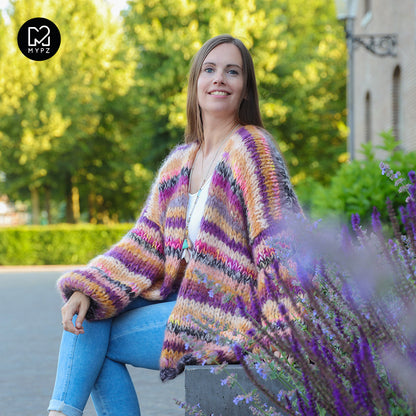 Breipakket – MYPZ Chunky Mohair Vest Golden Brown No.15 (ENG-NL)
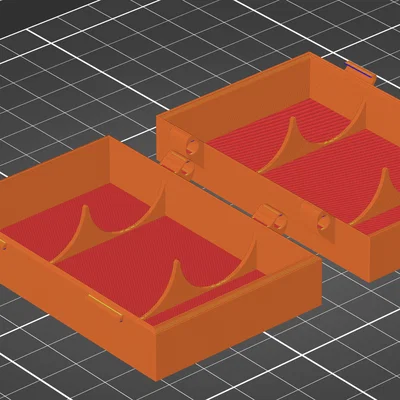 Hộp đựng pin 21700 in 3D gọn gàng, an toàn và tiện lợi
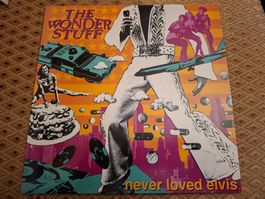 Rock LP - The Wonder Stuff - Never Loved Elvis - 1991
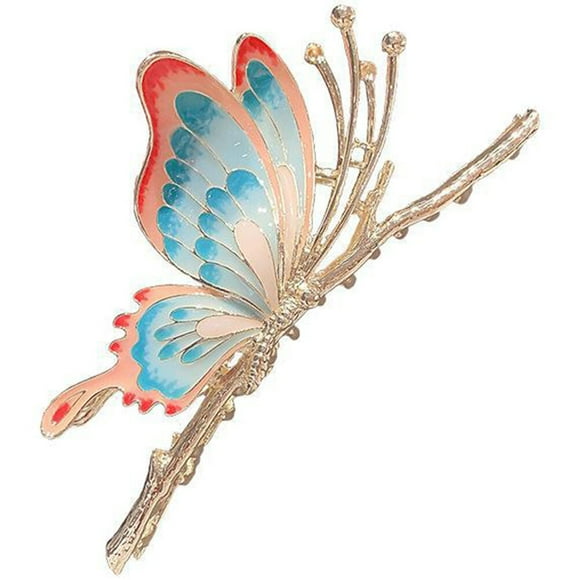 Shisuyan Hair Clip Butterfly Hair Claw Clip Multi Colored Elegant Women Hair Accessory 1Pcs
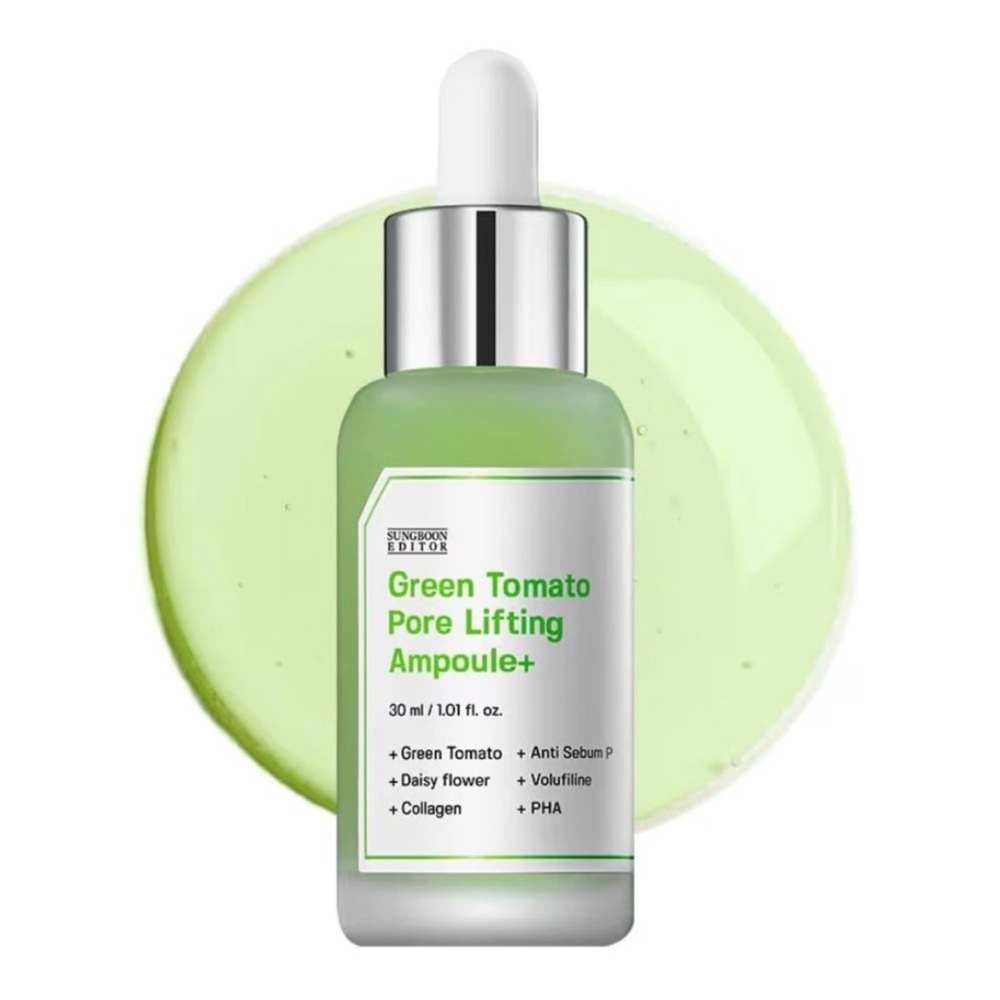 Green Tomato Pore Lifting Ampoule+ - Lightweight Green Serum new in box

- What to work on: Copy out the data verbatim, excluding the pictures.

- Output for this exercise:
 Breipakket – MYPZ Chunky Mohair Vest Golden Brown No.15 (ENG-NL)
 Hộp đựng pin 21700 in 3D gọn gàng, an toàn và tiện lợi
 Rock LP - The Wonder Stuff - Never Loved Elvis - 1991
 Shisuyan Hair Clip Butterfly Hair Claw Clip Multi Colored Elegant Women Hair Accessory 1Pcs
 Green Tomato Pore Lifting Ampoule+ - Lightweight Green Serum new in box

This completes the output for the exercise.